ACTION ITEM >>
Could you state how many lines of the material hold "Silver"? Include nothing beyond the number.
=====
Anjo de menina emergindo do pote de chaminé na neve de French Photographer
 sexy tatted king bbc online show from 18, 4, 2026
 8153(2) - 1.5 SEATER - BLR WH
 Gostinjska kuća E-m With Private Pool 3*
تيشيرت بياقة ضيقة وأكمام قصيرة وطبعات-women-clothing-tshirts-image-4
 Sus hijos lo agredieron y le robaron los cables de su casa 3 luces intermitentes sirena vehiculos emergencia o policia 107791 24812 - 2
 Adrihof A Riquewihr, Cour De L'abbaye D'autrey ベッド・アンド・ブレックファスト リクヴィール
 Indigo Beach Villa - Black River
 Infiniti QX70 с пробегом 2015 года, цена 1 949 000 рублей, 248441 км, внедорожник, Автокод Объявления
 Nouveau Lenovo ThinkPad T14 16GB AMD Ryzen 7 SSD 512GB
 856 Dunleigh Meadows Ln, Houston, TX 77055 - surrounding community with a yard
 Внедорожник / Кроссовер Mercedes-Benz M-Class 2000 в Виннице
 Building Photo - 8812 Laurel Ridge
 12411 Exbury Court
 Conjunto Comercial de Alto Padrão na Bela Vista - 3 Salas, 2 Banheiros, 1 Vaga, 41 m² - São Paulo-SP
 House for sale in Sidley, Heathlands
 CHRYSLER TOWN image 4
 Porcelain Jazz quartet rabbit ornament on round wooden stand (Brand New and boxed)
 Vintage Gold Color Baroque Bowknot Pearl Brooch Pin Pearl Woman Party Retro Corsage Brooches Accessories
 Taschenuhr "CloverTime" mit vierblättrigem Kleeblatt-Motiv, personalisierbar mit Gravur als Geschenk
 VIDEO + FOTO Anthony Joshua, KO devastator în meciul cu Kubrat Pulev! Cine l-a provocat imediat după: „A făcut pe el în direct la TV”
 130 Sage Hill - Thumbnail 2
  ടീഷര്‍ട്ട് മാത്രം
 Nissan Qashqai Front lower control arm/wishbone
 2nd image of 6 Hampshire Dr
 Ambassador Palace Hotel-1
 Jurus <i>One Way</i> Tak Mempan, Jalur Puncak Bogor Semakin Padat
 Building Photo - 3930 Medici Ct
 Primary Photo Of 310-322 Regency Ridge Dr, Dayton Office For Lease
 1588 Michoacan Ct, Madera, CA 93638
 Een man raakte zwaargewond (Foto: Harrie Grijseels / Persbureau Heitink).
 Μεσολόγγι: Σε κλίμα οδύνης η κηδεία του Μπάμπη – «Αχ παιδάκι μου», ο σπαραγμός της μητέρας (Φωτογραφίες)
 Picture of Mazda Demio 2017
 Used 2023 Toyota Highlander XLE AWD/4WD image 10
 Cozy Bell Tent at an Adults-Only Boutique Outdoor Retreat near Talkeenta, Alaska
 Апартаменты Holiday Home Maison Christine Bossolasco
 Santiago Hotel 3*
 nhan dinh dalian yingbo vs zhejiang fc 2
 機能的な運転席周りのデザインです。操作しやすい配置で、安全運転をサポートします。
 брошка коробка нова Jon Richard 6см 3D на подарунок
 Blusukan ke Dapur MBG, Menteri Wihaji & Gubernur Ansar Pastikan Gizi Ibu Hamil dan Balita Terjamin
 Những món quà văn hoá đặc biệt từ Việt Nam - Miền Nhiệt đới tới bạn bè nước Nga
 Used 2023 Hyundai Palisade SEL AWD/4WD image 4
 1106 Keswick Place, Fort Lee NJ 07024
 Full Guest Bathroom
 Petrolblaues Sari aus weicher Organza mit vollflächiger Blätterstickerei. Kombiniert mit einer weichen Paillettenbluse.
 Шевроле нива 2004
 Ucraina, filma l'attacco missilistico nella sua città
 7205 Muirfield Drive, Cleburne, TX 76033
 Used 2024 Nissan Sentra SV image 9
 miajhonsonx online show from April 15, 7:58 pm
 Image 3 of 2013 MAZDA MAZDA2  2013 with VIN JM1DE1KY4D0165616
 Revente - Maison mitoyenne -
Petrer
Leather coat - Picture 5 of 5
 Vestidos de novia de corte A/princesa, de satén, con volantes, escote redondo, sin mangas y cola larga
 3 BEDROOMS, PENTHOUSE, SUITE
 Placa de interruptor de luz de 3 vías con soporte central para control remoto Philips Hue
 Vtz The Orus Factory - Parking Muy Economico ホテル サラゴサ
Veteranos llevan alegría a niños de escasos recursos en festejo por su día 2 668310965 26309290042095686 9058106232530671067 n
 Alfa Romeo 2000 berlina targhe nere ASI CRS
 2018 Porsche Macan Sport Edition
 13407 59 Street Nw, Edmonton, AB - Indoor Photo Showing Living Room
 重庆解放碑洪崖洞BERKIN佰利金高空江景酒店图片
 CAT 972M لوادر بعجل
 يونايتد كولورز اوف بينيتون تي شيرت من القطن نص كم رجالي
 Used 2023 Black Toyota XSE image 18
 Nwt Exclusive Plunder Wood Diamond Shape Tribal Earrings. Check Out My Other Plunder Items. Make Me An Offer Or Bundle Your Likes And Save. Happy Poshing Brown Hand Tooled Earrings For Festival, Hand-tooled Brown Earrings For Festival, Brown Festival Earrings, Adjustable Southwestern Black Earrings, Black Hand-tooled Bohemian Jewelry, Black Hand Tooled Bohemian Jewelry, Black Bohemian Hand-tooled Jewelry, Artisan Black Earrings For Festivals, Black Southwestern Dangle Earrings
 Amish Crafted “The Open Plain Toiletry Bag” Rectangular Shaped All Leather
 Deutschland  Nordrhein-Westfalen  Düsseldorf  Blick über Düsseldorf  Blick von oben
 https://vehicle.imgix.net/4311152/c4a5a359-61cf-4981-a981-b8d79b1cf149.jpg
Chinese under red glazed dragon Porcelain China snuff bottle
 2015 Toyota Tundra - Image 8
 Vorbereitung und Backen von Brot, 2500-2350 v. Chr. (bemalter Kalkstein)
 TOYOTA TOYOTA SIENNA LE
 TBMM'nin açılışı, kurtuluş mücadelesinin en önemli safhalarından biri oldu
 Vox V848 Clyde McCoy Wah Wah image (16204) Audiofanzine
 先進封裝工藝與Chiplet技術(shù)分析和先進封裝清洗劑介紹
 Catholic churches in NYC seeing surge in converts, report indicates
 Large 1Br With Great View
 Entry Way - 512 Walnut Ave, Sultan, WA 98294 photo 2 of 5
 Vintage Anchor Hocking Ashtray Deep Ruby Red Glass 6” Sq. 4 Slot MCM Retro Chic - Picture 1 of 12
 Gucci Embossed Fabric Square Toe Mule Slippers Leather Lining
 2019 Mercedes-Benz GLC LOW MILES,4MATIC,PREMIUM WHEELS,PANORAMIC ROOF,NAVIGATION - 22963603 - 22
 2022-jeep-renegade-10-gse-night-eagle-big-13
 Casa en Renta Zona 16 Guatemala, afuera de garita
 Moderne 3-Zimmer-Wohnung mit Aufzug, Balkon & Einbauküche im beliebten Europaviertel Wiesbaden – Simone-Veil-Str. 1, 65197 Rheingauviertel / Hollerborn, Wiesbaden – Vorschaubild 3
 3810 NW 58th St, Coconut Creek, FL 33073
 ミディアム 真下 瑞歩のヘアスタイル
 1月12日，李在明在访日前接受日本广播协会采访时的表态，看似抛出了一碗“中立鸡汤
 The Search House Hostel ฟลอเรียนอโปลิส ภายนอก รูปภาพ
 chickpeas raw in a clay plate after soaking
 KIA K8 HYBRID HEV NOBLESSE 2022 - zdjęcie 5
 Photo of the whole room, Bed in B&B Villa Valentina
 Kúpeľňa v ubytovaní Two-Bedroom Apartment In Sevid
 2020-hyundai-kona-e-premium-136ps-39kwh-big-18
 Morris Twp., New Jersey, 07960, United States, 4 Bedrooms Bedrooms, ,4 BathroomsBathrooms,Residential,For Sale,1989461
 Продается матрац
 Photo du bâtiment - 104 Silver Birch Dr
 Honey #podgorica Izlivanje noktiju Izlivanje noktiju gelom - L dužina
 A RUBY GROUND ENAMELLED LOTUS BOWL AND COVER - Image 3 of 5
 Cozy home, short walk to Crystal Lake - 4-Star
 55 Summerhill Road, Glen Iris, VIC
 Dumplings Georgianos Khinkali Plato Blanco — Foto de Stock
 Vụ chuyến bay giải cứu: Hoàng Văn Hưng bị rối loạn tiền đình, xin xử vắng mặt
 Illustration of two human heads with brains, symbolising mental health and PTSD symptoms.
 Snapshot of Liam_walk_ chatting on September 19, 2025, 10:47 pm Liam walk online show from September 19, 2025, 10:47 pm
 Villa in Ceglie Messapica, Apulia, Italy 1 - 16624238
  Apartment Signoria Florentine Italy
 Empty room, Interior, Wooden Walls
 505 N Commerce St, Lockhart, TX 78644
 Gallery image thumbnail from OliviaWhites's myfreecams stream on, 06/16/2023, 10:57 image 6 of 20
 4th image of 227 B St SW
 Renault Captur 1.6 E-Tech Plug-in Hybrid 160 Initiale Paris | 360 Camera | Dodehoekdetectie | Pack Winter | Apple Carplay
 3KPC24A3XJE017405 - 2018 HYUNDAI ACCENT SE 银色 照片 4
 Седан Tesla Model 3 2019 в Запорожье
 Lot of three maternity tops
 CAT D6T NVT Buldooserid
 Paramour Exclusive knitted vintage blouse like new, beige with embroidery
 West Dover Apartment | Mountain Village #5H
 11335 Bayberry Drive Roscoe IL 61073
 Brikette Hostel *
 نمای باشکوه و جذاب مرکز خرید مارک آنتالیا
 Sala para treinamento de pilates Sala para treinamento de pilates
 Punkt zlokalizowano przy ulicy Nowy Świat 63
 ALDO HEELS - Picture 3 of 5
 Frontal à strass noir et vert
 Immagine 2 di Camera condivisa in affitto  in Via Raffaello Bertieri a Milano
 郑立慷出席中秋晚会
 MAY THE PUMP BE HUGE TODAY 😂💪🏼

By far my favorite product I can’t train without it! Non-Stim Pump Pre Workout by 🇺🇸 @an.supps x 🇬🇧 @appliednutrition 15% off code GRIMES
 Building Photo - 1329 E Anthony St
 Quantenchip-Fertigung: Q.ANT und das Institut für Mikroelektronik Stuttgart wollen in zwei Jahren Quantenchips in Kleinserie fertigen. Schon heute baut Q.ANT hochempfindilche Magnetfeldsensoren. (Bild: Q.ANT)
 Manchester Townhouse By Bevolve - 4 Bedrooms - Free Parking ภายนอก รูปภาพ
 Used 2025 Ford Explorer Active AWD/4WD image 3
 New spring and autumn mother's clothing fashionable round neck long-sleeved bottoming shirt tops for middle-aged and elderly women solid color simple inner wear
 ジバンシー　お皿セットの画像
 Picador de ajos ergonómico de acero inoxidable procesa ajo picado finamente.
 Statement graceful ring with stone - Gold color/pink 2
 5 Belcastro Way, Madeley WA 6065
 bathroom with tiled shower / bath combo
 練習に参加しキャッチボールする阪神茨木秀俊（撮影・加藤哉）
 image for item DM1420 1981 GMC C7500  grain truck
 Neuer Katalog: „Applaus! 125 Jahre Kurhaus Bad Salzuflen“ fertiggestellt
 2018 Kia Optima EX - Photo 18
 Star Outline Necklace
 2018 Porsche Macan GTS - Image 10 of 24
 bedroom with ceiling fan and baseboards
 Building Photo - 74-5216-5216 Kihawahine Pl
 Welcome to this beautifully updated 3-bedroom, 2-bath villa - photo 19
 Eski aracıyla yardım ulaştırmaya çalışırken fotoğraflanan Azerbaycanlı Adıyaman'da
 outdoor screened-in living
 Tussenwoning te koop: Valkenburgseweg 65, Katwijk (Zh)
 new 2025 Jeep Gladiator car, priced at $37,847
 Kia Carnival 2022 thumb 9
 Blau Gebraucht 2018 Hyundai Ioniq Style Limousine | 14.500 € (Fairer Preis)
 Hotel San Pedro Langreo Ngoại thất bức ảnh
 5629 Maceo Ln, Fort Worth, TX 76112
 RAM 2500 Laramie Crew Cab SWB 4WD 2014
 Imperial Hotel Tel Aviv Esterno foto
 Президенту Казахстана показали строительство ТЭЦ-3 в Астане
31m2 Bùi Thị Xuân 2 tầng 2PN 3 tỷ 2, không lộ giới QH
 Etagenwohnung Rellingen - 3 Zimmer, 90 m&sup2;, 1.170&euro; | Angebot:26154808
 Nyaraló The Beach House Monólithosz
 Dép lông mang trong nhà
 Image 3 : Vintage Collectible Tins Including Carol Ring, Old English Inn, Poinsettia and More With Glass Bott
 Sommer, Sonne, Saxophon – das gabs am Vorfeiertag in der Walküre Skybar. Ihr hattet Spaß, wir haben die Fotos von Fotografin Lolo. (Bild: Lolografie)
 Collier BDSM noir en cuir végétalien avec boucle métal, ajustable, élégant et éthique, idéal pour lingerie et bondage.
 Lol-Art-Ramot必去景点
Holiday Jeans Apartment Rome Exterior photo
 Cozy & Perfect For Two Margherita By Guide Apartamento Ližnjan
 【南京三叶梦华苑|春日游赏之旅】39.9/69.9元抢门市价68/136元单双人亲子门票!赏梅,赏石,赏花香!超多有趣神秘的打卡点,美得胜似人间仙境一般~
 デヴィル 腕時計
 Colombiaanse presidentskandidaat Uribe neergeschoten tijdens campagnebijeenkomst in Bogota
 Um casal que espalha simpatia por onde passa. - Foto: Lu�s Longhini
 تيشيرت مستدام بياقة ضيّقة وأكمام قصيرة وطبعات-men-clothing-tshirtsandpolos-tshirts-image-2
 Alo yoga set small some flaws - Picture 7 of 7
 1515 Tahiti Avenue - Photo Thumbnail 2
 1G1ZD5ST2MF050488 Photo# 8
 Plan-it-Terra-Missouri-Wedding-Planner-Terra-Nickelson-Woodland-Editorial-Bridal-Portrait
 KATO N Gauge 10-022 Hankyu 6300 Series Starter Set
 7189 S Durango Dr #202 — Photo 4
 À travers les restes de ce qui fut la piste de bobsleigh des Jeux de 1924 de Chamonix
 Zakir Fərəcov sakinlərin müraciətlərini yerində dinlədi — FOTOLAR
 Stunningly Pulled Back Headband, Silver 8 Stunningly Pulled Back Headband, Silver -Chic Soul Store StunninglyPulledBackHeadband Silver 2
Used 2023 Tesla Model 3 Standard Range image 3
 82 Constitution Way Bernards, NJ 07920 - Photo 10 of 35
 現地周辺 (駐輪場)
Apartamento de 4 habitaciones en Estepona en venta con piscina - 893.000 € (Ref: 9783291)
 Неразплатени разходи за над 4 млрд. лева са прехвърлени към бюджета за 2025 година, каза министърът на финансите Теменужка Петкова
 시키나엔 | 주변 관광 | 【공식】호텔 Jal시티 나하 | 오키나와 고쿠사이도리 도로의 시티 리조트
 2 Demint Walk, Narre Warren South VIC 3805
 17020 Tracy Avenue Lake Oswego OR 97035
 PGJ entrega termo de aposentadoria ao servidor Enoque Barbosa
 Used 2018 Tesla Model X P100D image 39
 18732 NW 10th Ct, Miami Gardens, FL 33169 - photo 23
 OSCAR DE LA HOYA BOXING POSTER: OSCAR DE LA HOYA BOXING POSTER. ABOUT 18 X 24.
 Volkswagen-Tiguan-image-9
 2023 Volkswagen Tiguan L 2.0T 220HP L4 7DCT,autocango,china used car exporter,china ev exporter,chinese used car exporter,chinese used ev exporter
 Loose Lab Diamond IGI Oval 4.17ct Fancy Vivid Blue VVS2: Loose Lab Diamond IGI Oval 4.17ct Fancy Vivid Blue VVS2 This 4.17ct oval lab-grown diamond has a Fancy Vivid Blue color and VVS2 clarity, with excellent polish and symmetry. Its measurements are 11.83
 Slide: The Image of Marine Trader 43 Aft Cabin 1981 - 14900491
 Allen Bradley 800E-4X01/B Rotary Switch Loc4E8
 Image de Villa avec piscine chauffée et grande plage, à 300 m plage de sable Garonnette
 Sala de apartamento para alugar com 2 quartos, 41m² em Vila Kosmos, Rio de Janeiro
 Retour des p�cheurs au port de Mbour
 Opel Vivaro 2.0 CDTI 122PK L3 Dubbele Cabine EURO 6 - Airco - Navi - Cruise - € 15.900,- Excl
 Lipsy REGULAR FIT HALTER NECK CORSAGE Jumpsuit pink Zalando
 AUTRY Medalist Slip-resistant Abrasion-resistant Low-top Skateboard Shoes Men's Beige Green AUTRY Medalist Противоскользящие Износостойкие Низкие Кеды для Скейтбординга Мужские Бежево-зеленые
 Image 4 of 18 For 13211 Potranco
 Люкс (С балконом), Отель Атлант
=====
SOLUTION TO THIS TASK >>
2